We still need to fight for our employment rights

The Labour View SUS-170126-103738001
The Labour View SUS-170126-103738001

We spend so much of our waking lives at work, it’s surprising how little we seem to discuss our employment rights and conditions.

Paid holiday, maternity and paternity leave, sick pay, weekends, reasonable weekly working hours and decent pay all had to be fought for and today’s employees reap the benefits.

Yet, over recent years these rights and conditions have been put at risk, as some employers have sought to increase their profit margins straight from their employee’s pockets. Zero-hours contracts, umbrella contracts and any other number of legal loopholes have started to roll back 200 years of improvements to people’s working conditions.

A classic case of this can be seen at the Royal Mail. For over 500 years, Royal Mail was a public service, a vital part of our national infrastructure and a source of secure employment for many thousands of postal workers. Then came privatisation and, despite all of the assurances provided in the run-up to the sale, now that the service is in the hands of private investors, little-by-little the rights and conditions of postal workers are beginning to disappear.

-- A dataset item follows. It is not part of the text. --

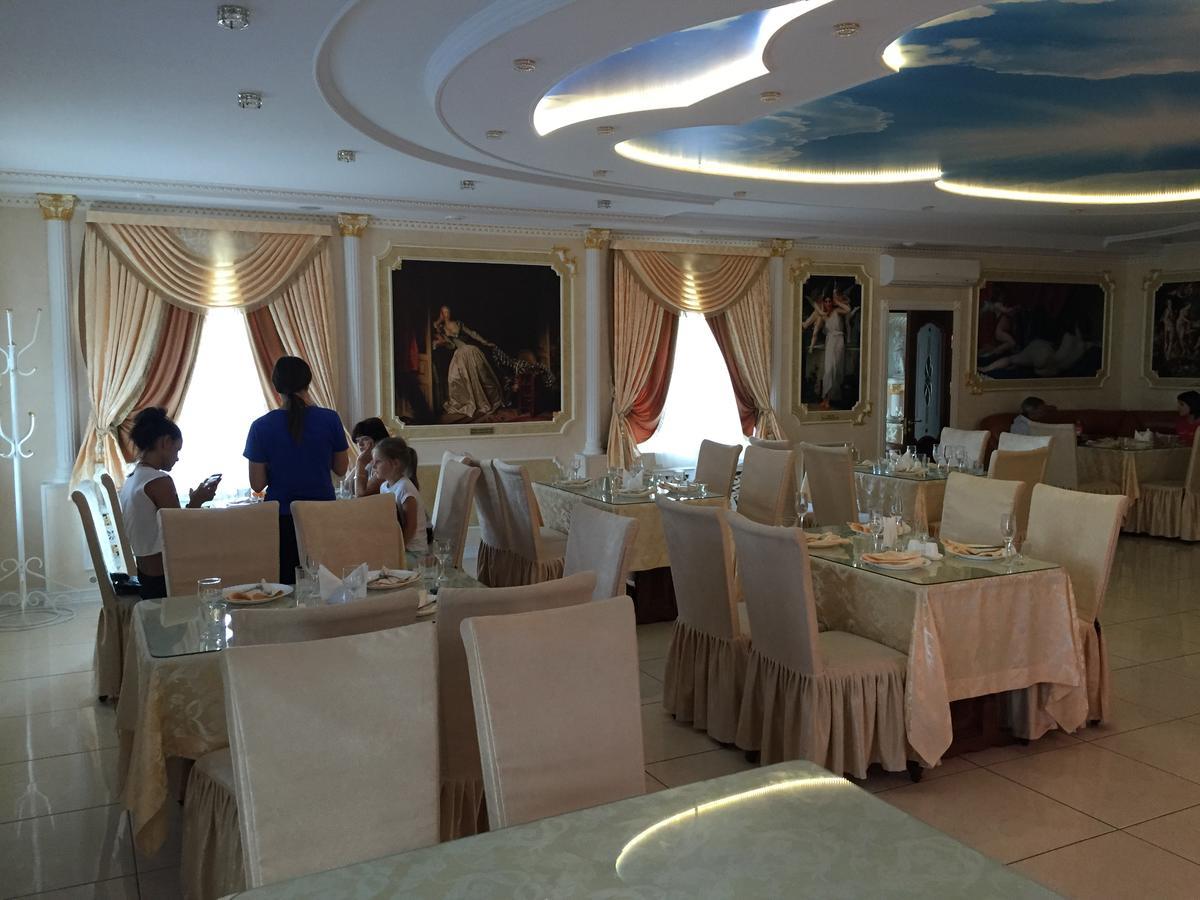 Hotel Oktan Kryve Ozero المظهر الخارجي الصورة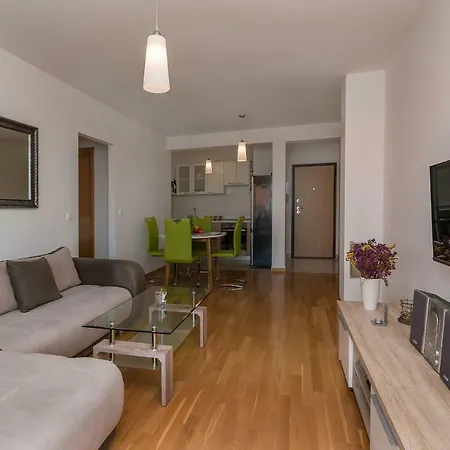 Neno Apartment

Fortunately for postal workers, they have a union which is willing to stick up for them and the CWU is now balloting its members—many of whom live and work in our community—to decide whether or not to undertake industrial action to ensure the Royal Mail provides a pension solution for all, a full-time working week of 35 hours, an extension to the service’s current legally binding agreements and a re-designed pipeline.

Strikes can be inconvenient for customers and I know that there are those who complain about unions always pushing for a better deal for their members when their own working conditions aren’t getting any better. It’s true that alongside the general rights unions have secured us all over the years, unionised professions have tended to fare better than un-unionised professions. This isn’t a coincidence, it’s a rallying cry, if you want to retain and improve the rights past generations have handed down to us, we all need to band together to fight for them.